The data:
◆ ◆ ◆ ◆

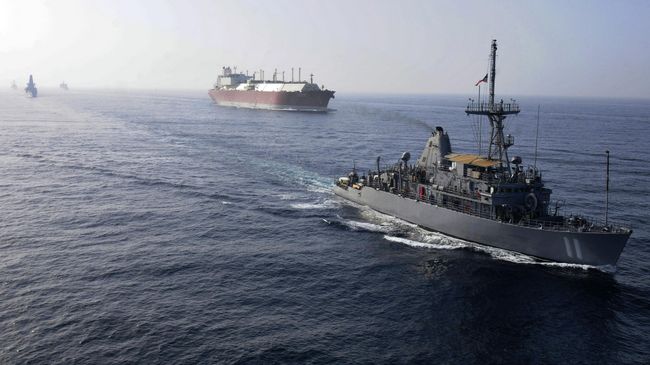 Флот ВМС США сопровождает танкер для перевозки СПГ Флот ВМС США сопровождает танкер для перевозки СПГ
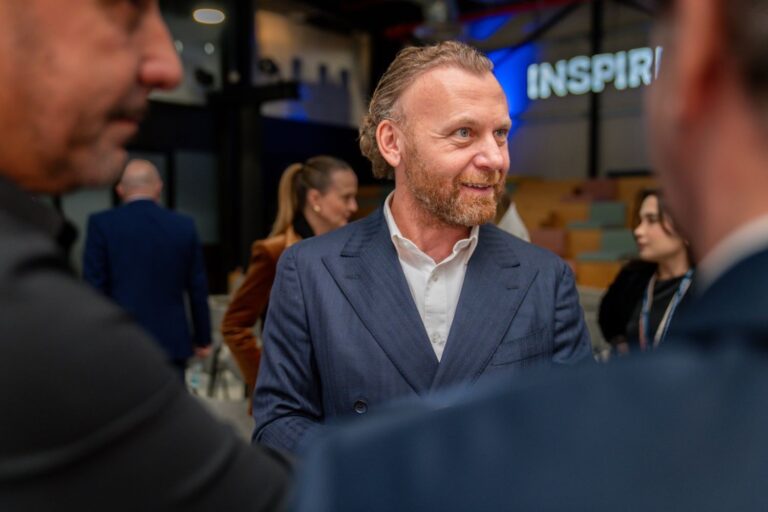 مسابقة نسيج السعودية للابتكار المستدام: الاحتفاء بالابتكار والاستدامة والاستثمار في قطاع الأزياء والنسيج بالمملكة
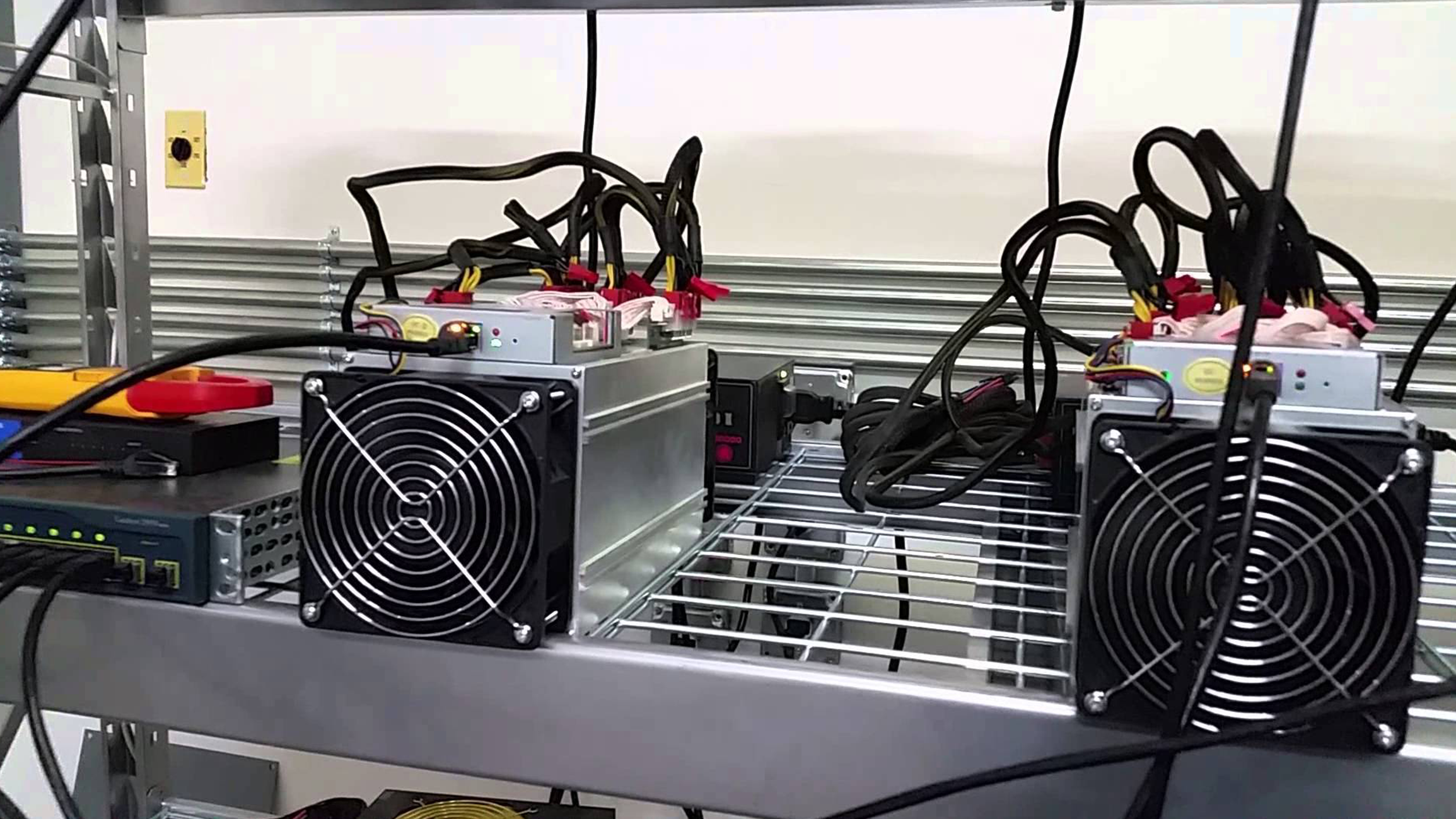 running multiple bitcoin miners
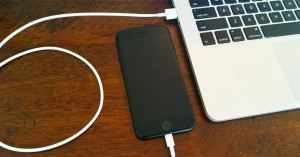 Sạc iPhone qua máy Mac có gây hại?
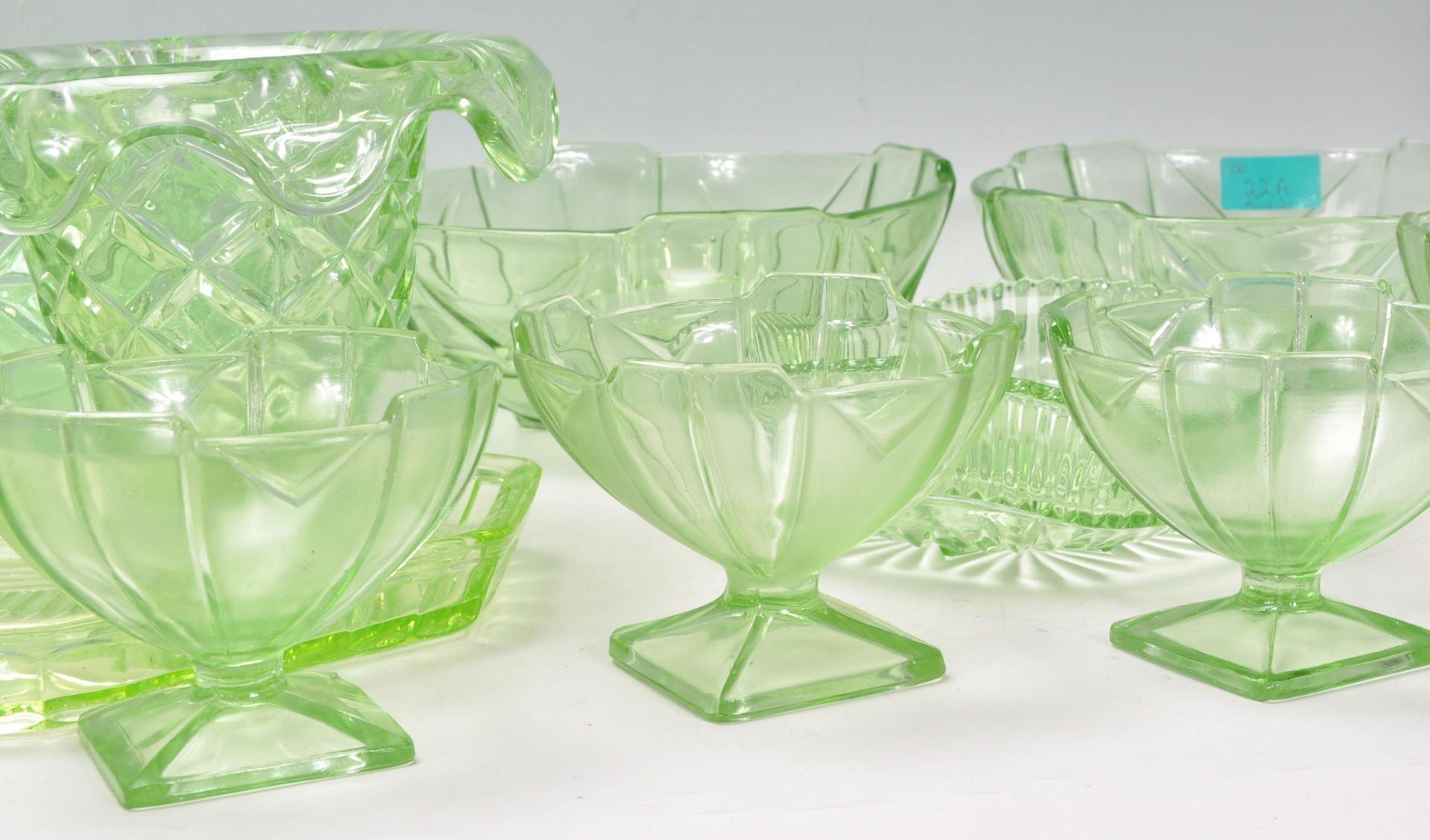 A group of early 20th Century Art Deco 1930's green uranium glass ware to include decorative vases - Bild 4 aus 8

◆ ◆ ◆ ◆

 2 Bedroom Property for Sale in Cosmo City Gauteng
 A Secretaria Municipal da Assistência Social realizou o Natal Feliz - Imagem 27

◆ ◆ ◆ ◆

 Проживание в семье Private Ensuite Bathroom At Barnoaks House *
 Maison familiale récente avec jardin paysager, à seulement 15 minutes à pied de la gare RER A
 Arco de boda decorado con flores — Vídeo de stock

◆ ◆ ◆ ◆

From the entries above, print the lines beginning at the one with "2 Bedroom Property" and stopping after the one with "A Secretaria Municipal", exactly as written and with nothing else.

Exercise solution:
 2 Bedroom Property for Sale in Cosmo City Gauteng
 A Secretaria Municipal da Assistência Social realizou o Natal Feliz - Imagem 27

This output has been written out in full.